NewYork, LiputanIslam.com –  Presiden Turki Recep Tayyip Erdogan menyerukan penerapan resolusi-resolusi Dewan Keamanan PBB terkait dengan Israel.

Dalam pidatonya pada sidang Majelis Umum PBB di New York, AS, Selasa (24/9/2019), Erdogan menyoal, “Jika resolusi PBB dan Dewan Keamanan terkait dengan Israel tidak diterapkan lantas apa gunanya organisasi ini? Jika kita melalui keputusan-keputusan yang telah kita ambil ternyata tidak berpengaruh lantas di mana keadialan akan bermanifestasi?”
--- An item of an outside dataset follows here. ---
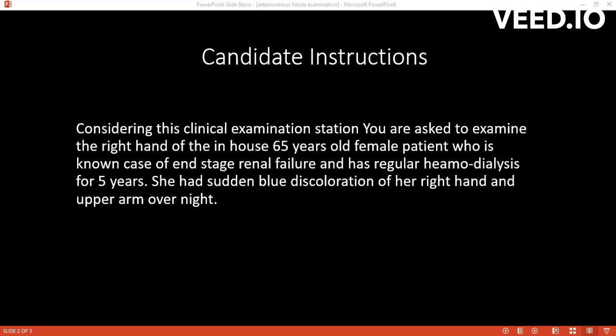Then I will palpate the fistula. In addition, I will check the brachial artery and arm artery. Then I will perform the augmentation test and auscultate, checking for bruit and both the systolic and diastolic components.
Erdogan mengimbau PBB agar menyokong rakyat Palestina lebih dari sekedar janji belaka.

“Saya bertanya-tanya di mana Israel, tanah-tanah mana saja yang tercakup Israel. Di mana Israel pada tahun 1947, di mana ia pada tahun 1979 dan tahun 1967, dan  di mana pula ia sekarang?” imbuhnya.

Erdogan lantas menunjukkan peta kawasan Palestina sembari mengatakan, “Pada tahun 1947 tidak ada sesuatu bernama Israel. Kawasan itu secara total adalah Palestina. Setelah pemecahan dilakukan di tahun yang sama maka mulailah Palestina menyempit, sedangkan Israel mengalami perluasan sampai tahun 1967.”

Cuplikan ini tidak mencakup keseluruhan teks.